A few weeks ago, Ian Agol, Vlad Markovic, Ursula Hamenstadt and I organized a “hot topics” workshop at MSRI with the title Surface subgroups and cube complexes. The conference was pretty well attended, and (I believe) was a big success; the organizers clearly deserve a great deal of credit. The talks were excellent, and touched on a wide range of subjects, and to those of us who are mid-career or older it was a bit shocking to see how quickly the landscape of low-dimensional geometry/topology and geometric group theory has been transformed by the recent breakthrough work of (Kahn-Markovic-Haglund-Wise-Groves-Manning-etc.-) Agol. Incidentally, when I first started as a graduate student, I had a vague sense that I had somehow “missed the boat” — all the exciting developments in geometry due to Thurston, Sullivan, Gromov, Freedman, Donaldson, Eliashberg etc. had taken place 10-20 years earlier, and the subject now seemed to be a matter of fleshing out the consequences of these big breakthroughs. 20 years and several revolutions later, I no longer feel this way. (Another slightly shocking aspect of the workshop was for me to realize that I am older or about as old as 75% of the speakers . . .)
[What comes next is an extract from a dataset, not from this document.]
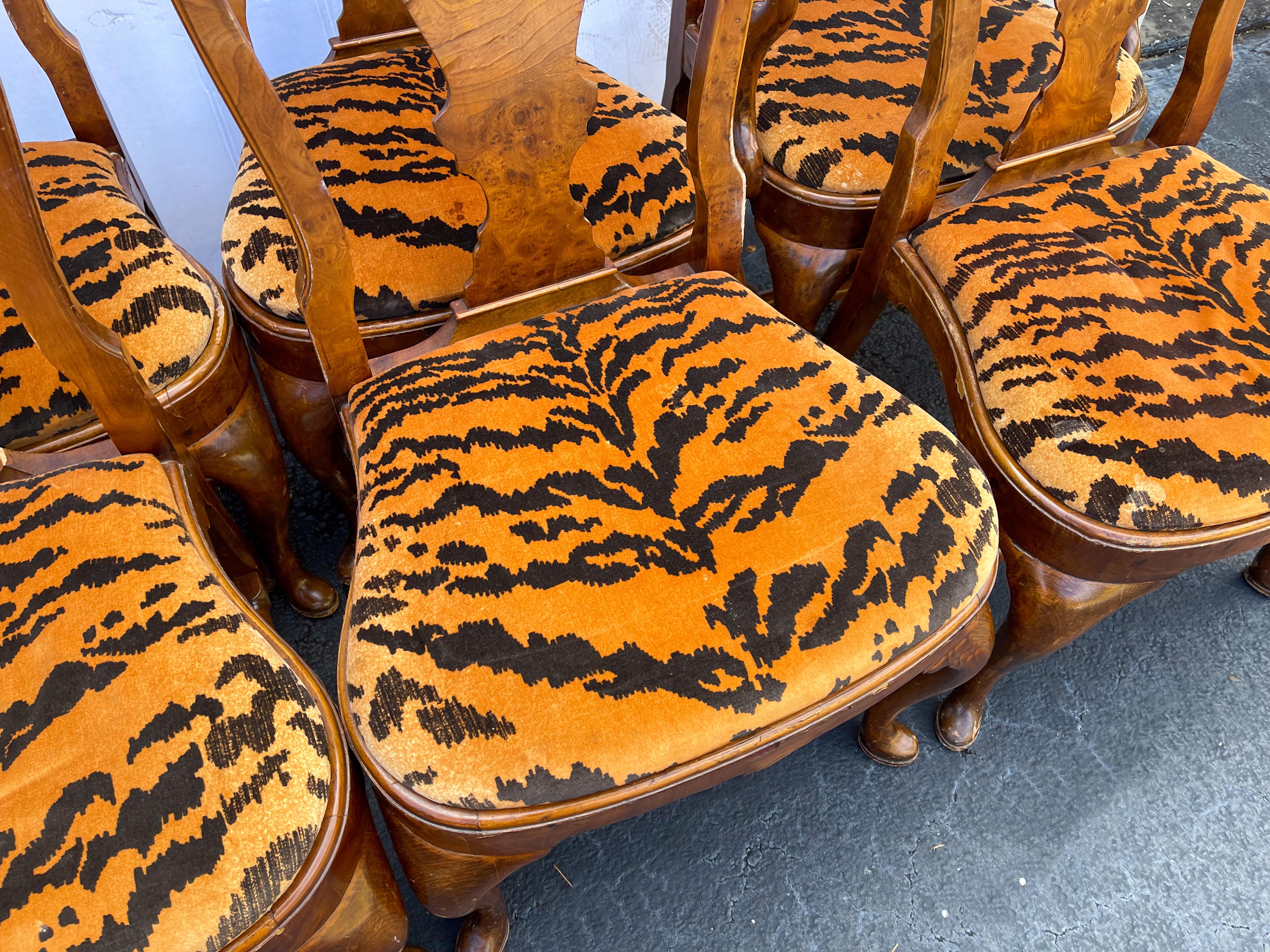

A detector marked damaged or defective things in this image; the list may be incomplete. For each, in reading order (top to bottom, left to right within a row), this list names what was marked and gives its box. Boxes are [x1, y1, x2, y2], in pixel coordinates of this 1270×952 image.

cracked pavement [255, 33, 1270, 952]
The rationale for the workshop (which I had some hand in drafting, and therefore feel comfortable quoting here) was the following:
Recently there has been substantial progress in our understanding of the related questions of which hyperbolic groups are cubulated on the one hand, and which contain a surface subgroup on the other. The most spectacular combination of these two ideas has been in 3-manifold topology, which has seen the resolution of many long-standing conjectures. In turn, the resolution of these conjectures has led to a new point of view in geometric group theory, and the introduction of powerful new tools and structures. The goal of this conference will be to explore the further potential of these new tools and perspectives, and to encourage communication between researchers working in various related fields.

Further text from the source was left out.